**Listed records**
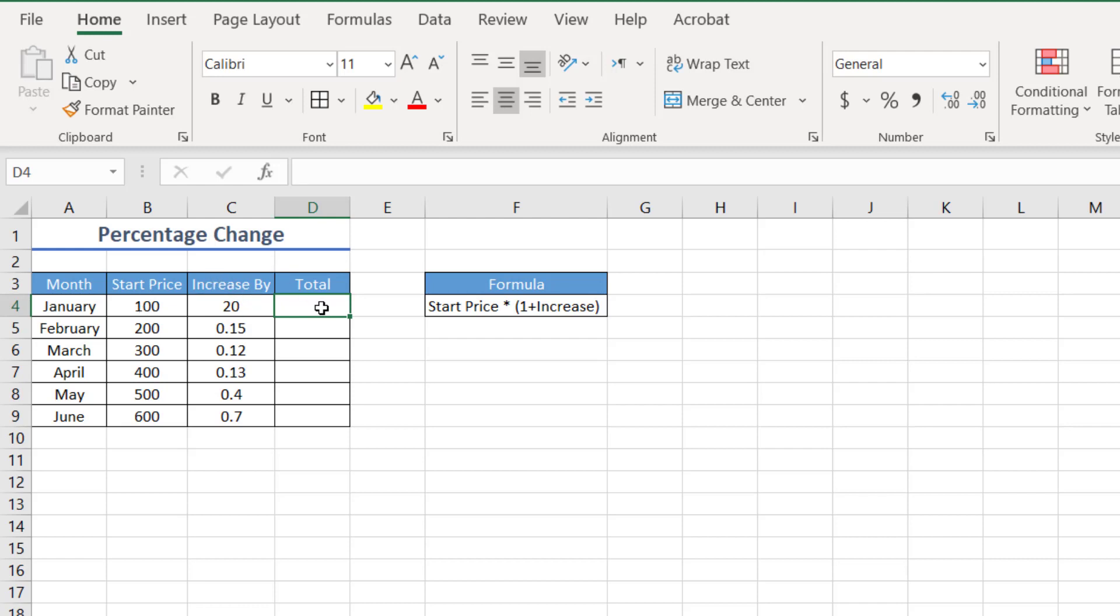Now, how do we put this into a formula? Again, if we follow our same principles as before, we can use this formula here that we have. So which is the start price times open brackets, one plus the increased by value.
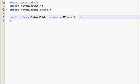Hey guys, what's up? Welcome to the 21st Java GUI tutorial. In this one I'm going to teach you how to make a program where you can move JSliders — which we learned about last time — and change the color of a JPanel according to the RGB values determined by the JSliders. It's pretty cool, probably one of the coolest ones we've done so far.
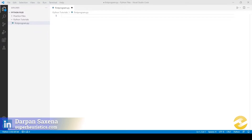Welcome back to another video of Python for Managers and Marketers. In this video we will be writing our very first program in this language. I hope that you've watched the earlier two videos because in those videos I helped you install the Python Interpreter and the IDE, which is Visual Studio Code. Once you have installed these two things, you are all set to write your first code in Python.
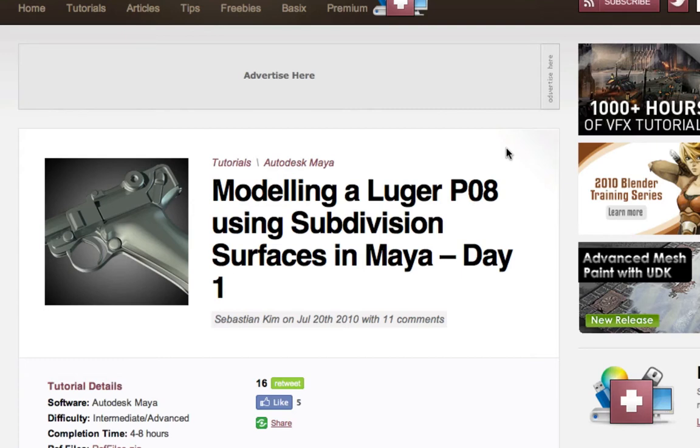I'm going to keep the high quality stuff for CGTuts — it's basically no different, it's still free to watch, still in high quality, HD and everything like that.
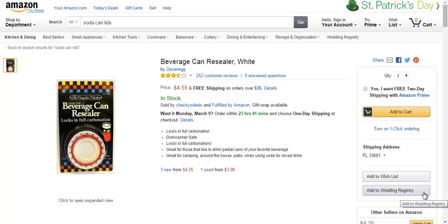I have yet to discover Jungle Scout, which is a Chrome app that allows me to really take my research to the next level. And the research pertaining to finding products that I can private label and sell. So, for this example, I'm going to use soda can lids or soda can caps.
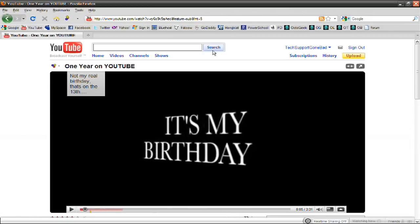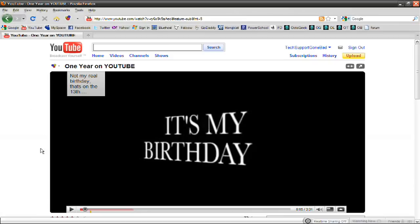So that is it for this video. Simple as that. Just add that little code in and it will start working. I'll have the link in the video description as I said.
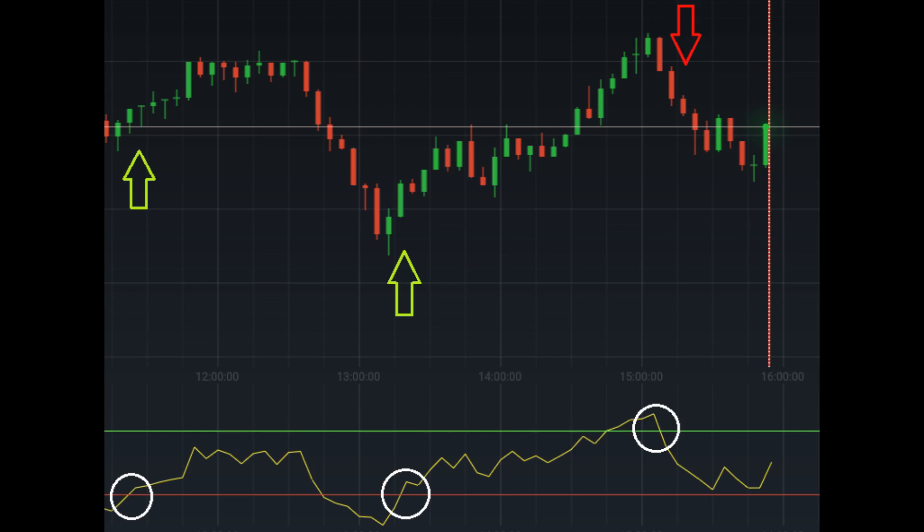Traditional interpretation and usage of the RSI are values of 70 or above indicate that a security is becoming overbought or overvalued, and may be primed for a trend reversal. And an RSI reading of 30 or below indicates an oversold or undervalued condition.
--
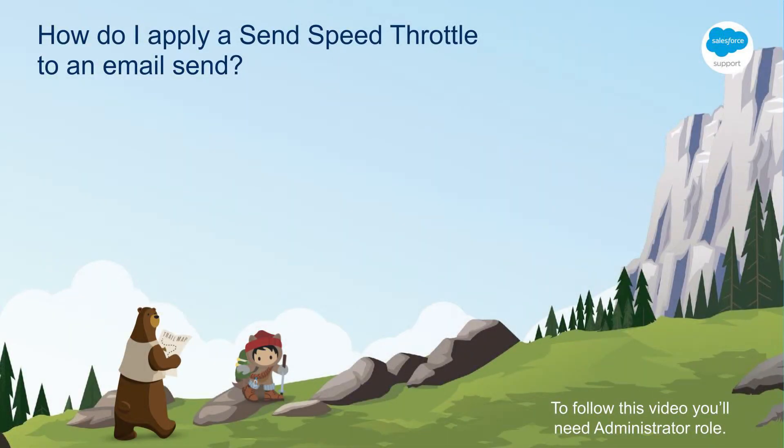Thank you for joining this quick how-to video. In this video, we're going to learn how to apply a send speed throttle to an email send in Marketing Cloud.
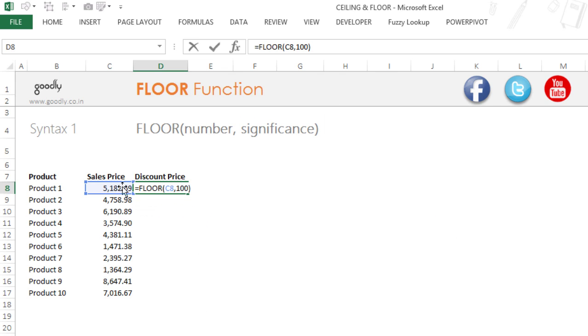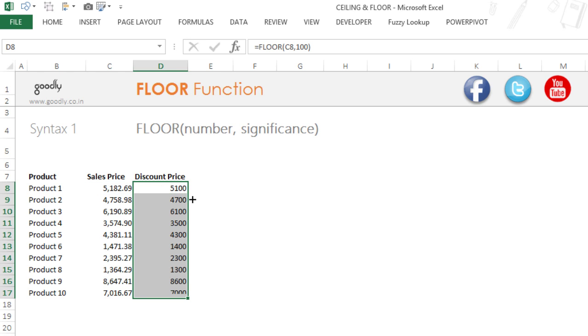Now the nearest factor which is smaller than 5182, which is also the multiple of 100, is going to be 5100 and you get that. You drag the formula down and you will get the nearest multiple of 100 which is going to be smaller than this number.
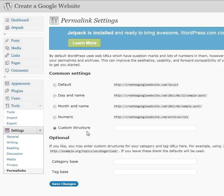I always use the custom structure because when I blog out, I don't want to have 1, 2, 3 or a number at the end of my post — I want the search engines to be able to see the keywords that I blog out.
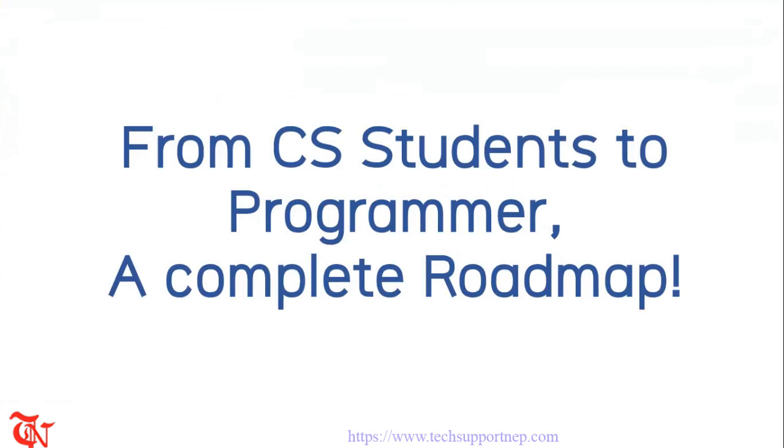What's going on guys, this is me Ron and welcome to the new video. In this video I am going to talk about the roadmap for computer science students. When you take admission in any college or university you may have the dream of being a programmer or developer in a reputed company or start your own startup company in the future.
==
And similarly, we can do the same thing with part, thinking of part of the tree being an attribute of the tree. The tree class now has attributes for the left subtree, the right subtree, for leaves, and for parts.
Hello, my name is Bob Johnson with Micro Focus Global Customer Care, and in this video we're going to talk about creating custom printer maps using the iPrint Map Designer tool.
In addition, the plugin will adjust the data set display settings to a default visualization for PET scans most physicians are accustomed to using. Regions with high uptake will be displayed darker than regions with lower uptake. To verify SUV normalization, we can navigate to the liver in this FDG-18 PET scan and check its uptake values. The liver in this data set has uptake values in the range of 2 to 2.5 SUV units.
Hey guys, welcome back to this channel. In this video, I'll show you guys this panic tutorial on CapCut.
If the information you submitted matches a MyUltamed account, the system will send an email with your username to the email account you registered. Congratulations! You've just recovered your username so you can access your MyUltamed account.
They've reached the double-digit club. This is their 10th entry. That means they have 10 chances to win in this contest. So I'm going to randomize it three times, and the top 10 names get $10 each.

**Exercise prompt**
Starting with the line that has "I always use" and ending with the line that has "What's going on", repeat the lines above exactly, omitting every picture.

**Response below**
I always use the custom structure because when I blog out, I don't want to have 1, 2, 3 or a number at the end of my post — I want the search engines to be able to see the keywords that I blog out.
What's going on guys, this is me Ron and welcome to the new video. In this video I am going to talk about the roadmap for computer science students. When you take admission in any college or university you may have the dream of being a programmer or developer in a reputed company or start your own startup company in the future.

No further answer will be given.